Paradoxically, from our ‘own too-muchness’ our ideas of wilderness and nature are conceived. Thus, I have come to realize my own appreciation for nature has come from the culture of which I belong, because all we think and perceive, or think we know, is constructed and mediated through signs – or language. Ultimately, ideas of nature and/or wilderness are human constructs ever changing through human cultures at different moments in history. It is time to rethink our perceptions of nature, culture, wilderness and civilization, and perhaps we may once again reinstate our own naturalness and one day find balance between the planet and ourselves. In doing so we may come to a better realization of what it means to be human at this present time.
— Jason Walker
Jason Walker was born in 1973 and grew up in Pocatello, Idaho. He received a BFA from Utah State University and a MFA from Penn State University. After schooling he taught for two years in Napa California but quit teaching to pursue life as a studio artist. He spent two years as a resident at The Archie Bray Foundation for the Ceramic Arts, where he was the recipient of the Taunt Fellowship award. Since then, he has lectured, taught worked and exhibited extensively nationally and internationally in places including the Renwick Gallery at the Smithsonian Institution in Washington D.C., Haystack Mountain School for the Crafts, Penland School for the Crafts, Anderson Ranch Arts Center, The Pottery Workshop in Jingdezhen, China and the International Ceramics Workshop, Kecskemet, Hungary, South Korea, Ireland and France.
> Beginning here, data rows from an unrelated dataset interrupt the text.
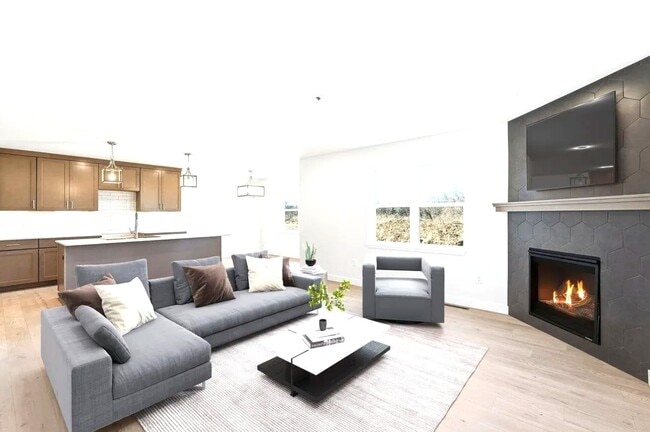 Building Photo - 290 Santa Maria Dr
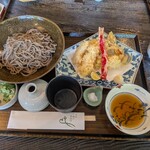 霞中庵 音和そば - 天ぷらとそばのセット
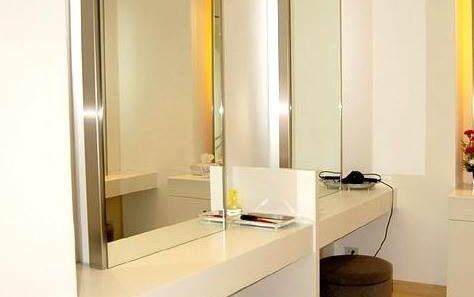 コーセー･ビューティーセンター・伊勢丹店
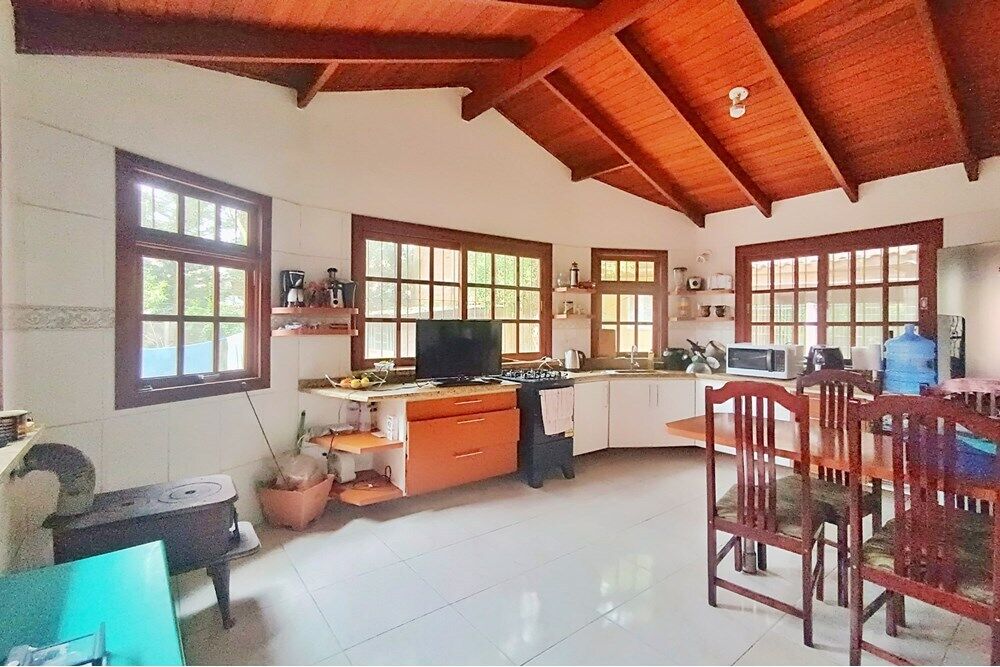 Casa de Condomínio à venda com 3 quartos, 156m² - Foto 3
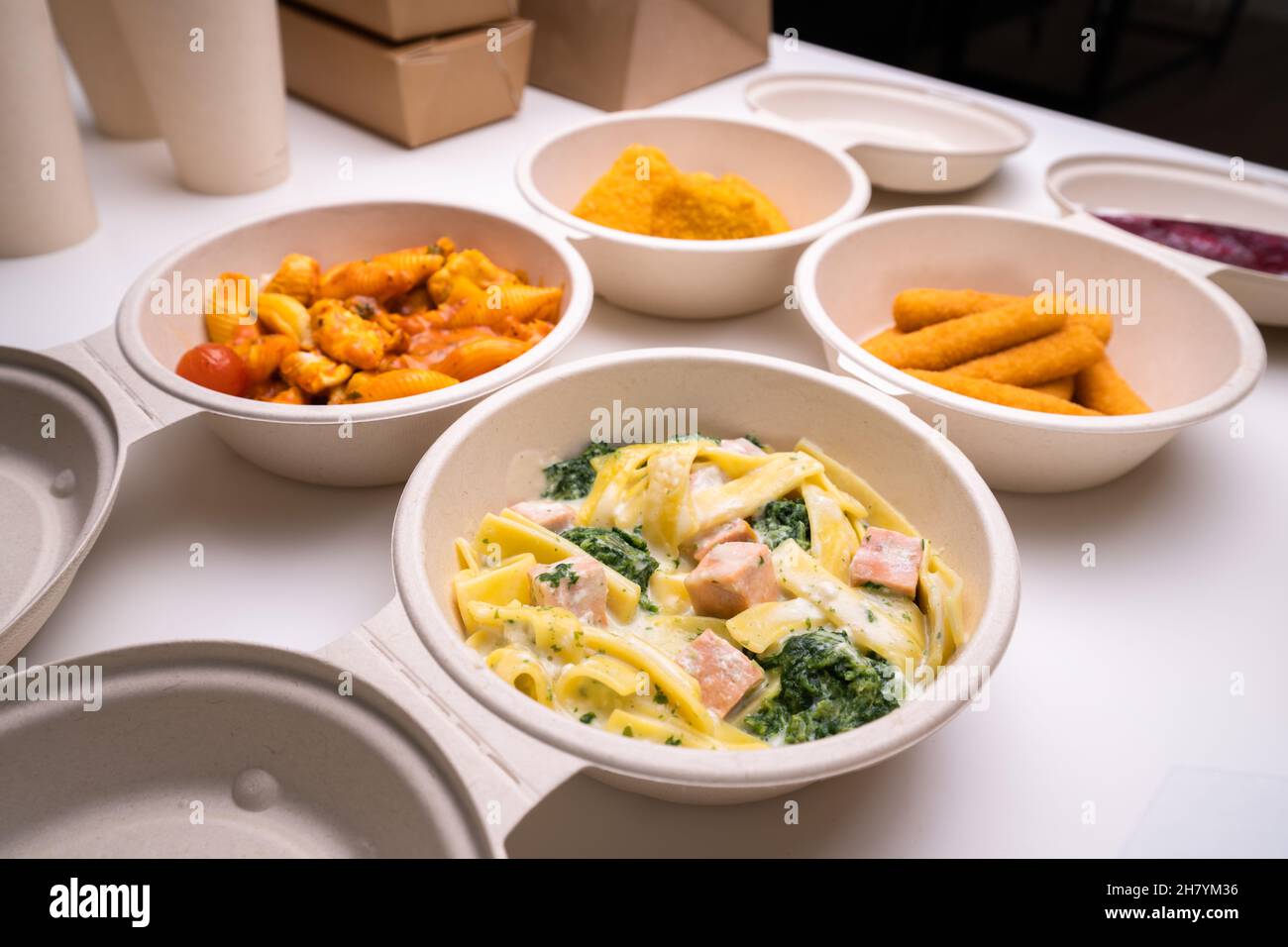 Zubereitung Und Kochen Von Batch-Mahlzeiten. Zubereitetes Mittagessen Zum Mitnehmen Stockfoto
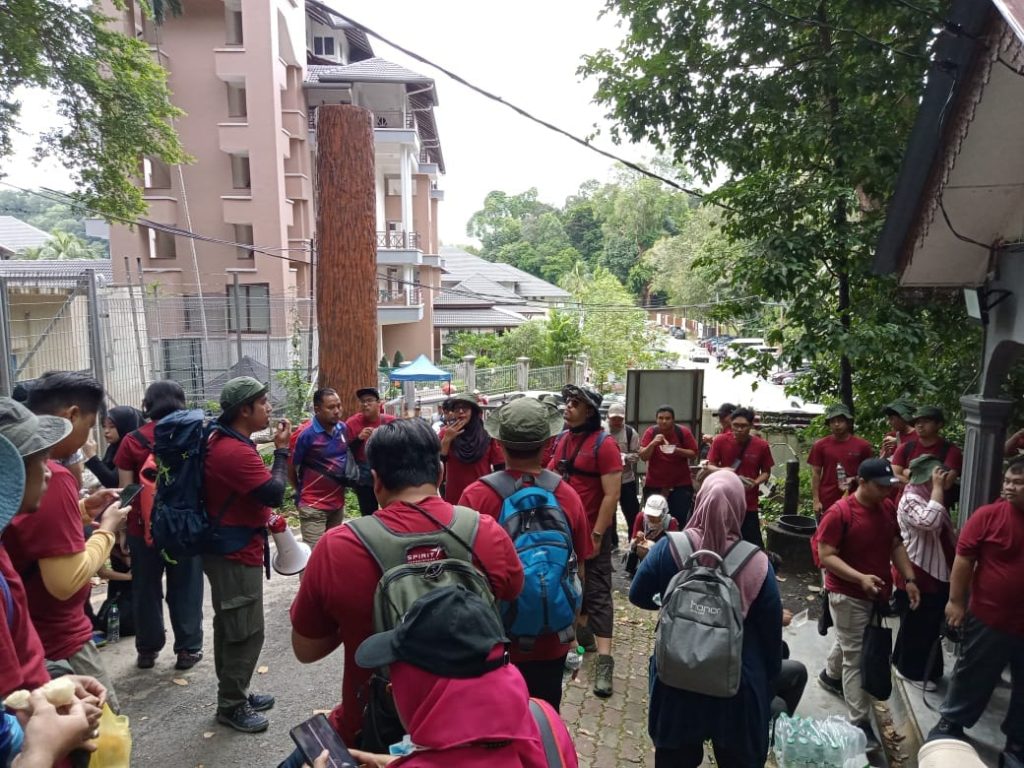 Program CSR Pembersihan Pantai dan Penanam Pokok Hutan Di Taman Eko-Rimba Tanjung Tuan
He has been awarded a 2009 NCECA International Residency Fellowship and a 2014 Artist Trust Fellowship from Washington State. He has work in major collections such as the Fine Art Museum of San Francisco: De Young, the Carnegie Mellon Museum in Pittsburgh, Pennsylvania, the Arizona State University Art Museum Ceramic Research Center, Tempe, Arizona and the Portland Art Museum in Portland, Oregon. He is represented by Ferrin Contemporary, and currently resides in Kona, Hawaii.